AI Content Moderation
Better Messages offers AI-powered content moderation using OpenAI's moderation API to automatically detect and handle harmful content.
How it works
When enabled, messages are analyzed by OpenAI's moderation API before delivery. If harmful content is detected above the configured confidence threshold, the message is automatically held for moderation review instead of being delivered. Moderators can then review flagged messages in the admin Messages Viewer and approve or reject them.
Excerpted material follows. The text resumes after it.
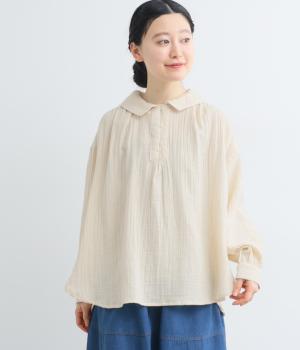 コットンWガーゼセーラーカラーブラウス(アイボリー-F)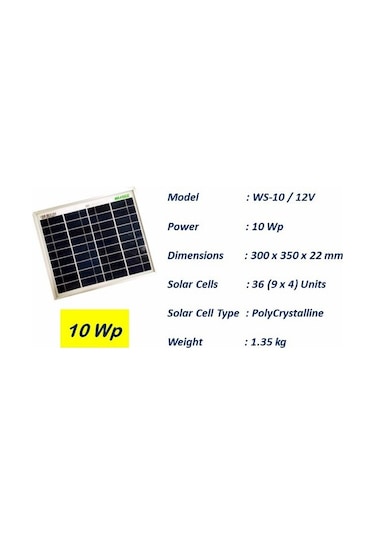 Ithal 10 Watt Güneş Paneli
The system can detect multiple categories of harmful content and can also moderate images.
Key capabilities
- Automatic detection of harmful content before message delivery
- Multiple detection categories: hate speech, harassment, sexual content, violence, self-harm, illicit activities
- Configurable confidence threshold (0-1) for flagging sensitivity
- Image moderation in addition to text
- Flagged messages held for moderator review
- Role-based bypass for trusted user roles
- Powered by OpenAI's moderation API
How to enable
Navigate to WP Admin → Better Messages → Settings → Moderation.
- Enable AI Moderation — Turn on AI-powered content moderation
- Action — What happens when content is flagged (hold for review)
- Moderate Images — Also analyze images sent in messages
- Categories — Select which content categories to detect (hate, harassment, sexual, violence, self-harm, illicit)
- Confidence Threshold — How confident the AI must be before flagging (0-1, default 0.5). Lower values catch more content but may have more false positives
- Bypass Roles — User roles that are exempt from AI moderation
note
AI Content Moderation requires PHP 8.1 or higher and an OpenAI API key configured in Integrations → OpenAI.